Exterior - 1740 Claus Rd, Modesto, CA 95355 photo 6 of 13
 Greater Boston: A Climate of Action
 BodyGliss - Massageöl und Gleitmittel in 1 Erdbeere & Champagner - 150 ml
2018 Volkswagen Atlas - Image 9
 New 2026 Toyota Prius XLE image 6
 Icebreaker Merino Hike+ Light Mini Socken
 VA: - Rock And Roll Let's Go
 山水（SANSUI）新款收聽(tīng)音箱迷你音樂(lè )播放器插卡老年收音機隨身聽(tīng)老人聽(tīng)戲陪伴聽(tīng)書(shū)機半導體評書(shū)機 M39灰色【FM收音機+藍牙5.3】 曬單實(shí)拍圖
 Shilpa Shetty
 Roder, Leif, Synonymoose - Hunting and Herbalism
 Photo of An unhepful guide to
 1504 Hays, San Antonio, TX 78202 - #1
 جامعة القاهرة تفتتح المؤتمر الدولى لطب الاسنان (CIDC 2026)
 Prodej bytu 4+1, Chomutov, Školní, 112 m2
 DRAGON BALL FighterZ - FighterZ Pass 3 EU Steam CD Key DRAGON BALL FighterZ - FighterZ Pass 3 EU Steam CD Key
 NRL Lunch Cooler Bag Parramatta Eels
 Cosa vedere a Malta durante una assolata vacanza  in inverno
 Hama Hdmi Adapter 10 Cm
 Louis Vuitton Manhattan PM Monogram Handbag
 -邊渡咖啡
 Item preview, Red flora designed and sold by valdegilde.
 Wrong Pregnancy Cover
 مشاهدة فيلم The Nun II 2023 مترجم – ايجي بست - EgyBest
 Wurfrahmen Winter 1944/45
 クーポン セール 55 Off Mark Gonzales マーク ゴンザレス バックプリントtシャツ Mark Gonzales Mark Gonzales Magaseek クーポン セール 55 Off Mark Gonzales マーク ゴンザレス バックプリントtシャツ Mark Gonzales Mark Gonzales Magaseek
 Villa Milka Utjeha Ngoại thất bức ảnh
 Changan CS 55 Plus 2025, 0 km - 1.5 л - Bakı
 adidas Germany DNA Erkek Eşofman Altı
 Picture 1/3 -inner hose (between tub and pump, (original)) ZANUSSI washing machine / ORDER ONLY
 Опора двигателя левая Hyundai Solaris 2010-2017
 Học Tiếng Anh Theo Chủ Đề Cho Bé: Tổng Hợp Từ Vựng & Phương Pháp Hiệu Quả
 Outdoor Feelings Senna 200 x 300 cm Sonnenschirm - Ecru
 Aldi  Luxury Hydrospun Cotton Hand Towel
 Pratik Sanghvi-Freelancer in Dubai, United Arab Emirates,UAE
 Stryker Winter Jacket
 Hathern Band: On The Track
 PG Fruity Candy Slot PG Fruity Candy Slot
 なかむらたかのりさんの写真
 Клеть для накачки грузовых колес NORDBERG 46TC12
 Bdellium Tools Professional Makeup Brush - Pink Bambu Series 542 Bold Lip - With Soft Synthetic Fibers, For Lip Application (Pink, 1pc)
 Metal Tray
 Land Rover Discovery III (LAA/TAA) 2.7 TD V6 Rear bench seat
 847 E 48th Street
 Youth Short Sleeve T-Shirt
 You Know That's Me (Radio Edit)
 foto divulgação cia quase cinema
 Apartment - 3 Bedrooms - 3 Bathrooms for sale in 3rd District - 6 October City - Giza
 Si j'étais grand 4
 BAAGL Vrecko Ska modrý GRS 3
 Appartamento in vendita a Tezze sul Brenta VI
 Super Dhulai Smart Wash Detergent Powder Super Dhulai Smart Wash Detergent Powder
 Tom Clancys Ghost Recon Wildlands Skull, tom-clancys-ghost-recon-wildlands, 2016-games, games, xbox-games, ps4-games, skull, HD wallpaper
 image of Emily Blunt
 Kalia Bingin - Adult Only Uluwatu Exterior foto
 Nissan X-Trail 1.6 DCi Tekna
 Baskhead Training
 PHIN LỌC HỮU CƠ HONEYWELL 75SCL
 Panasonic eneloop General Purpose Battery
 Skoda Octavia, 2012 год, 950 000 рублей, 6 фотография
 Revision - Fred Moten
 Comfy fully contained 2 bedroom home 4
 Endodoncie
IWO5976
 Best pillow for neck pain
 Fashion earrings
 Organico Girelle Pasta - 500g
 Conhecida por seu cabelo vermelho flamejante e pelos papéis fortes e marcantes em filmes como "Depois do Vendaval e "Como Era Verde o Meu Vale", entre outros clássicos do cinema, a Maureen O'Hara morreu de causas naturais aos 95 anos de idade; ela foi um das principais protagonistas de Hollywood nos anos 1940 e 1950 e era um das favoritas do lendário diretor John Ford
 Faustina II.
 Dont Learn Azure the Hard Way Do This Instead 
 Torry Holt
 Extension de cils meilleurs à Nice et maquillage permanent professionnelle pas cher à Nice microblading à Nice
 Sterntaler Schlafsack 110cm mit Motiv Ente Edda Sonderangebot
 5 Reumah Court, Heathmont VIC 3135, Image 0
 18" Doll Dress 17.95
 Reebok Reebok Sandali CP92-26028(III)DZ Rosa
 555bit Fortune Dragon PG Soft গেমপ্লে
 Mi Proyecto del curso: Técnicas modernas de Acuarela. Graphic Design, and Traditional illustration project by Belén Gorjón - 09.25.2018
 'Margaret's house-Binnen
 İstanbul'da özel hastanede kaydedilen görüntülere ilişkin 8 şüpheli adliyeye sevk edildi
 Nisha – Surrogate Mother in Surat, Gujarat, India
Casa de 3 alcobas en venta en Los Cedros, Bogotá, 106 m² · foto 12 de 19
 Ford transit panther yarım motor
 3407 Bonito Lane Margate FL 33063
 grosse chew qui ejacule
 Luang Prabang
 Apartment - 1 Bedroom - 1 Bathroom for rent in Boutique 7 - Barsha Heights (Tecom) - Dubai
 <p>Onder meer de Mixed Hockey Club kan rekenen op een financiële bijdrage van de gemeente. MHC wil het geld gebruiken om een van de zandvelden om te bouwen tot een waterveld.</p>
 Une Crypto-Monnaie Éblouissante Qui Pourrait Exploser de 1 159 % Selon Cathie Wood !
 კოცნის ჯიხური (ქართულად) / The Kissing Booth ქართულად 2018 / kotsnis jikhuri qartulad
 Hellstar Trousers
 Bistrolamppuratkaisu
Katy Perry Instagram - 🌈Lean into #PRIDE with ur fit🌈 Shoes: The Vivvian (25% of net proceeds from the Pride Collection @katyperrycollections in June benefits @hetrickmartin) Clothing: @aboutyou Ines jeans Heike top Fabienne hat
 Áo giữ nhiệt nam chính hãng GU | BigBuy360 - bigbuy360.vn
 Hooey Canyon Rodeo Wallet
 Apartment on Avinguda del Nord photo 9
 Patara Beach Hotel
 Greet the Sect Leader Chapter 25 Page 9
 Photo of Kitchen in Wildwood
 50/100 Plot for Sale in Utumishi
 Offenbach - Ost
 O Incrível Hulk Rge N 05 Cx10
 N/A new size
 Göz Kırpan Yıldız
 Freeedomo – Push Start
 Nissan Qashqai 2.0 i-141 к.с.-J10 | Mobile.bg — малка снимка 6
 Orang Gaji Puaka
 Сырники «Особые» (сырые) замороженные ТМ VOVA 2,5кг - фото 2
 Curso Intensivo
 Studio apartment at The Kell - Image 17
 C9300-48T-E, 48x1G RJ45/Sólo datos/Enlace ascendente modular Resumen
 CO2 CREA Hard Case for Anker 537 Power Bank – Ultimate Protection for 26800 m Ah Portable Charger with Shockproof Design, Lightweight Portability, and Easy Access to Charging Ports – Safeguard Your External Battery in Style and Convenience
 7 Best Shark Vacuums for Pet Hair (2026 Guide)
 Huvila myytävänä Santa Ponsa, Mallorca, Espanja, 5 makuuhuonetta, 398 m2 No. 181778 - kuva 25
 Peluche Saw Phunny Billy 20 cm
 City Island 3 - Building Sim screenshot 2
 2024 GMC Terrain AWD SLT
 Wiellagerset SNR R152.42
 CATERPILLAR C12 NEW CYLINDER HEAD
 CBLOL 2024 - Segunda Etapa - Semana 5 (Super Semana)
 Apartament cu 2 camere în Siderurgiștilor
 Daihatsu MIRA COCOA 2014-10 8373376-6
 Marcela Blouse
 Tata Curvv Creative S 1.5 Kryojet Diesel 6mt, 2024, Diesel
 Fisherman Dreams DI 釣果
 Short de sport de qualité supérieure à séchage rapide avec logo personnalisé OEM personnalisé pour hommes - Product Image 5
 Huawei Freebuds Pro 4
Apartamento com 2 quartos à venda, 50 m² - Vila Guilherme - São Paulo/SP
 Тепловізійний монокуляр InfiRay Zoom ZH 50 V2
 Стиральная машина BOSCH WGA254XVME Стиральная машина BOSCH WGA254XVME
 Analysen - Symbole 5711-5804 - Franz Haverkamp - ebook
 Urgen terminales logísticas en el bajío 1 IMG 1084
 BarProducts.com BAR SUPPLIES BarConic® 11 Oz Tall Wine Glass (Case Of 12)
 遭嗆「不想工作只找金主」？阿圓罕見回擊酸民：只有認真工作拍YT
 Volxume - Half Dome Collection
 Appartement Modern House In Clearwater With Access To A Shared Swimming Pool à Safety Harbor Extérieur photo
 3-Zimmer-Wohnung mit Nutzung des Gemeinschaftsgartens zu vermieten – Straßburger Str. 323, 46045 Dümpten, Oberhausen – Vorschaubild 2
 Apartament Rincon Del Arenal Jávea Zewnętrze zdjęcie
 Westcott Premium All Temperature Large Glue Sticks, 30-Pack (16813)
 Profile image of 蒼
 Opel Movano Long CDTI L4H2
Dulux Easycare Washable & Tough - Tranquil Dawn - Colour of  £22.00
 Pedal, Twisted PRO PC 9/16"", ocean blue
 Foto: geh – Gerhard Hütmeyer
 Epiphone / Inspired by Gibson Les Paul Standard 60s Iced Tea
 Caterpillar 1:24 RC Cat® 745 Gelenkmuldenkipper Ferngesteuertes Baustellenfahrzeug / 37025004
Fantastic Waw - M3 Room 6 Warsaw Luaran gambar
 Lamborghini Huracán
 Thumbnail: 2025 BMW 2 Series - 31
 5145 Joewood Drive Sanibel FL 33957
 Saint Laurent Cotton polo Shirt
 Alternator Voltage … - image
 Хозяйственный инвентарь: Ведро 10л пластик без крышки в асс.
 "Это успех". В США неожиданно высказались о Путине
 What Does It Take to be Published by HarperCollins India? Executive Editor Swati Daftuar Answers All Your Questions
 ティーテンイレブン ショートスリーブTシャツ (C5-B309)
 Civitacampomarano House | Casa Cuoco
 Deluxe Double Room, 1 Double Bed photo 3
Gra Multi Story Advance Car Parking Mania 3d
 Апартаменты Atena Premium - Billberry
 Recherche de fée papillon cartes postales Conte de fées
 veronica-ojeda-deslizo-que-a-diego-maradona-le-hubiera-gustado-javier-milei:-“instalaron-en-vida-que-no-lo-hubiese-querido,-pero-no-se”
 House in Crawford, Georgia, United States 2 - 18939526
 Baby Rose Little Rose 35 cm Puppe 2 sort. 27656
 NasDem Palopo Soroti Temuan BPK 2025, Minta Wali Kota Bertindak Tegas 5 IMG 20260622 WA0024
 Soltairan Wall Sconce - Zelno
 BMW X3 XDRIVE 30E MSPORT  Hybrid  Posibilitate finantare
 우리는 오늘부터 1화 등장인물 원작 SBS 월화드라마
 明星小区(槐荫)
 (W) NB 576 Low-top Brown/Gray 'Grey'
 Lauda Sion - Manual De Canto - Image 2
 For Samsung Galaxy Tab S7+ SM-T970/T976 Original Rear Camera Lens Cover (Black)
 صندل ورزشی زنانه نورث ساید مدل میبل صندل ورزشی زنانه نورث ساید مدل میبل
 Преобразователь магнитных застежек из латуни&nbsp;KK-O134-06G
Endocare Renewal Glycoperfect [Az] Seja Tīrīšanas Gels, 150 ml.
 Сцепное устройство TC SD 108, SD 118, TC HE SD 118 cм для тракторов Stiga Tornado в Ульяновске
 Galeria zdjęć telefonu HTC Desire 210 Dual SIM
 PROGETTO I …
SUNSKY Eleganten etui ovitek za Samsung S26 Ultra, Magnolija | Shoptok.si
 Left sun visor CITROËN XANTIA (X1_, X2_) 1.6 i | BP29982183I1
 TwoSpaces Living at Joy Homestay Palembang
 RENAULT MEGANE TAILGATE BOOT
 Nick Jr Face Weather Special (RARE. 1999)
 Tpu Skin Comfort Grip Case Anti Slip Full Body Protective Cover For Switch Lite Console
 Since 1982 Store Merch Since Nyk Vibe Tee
····················
*Prompt*: Using the material, show each line where the string "Series" can be found.

*Task result*:
 Bdellium Tools Professional Makeup Brush - Pink Bambu Series 542 Bold Lip - With Soft Synthetic Fibers, For Lip Application (Pink, 1pc)
 Thumbnail: 2025 BMW 2 Series - 31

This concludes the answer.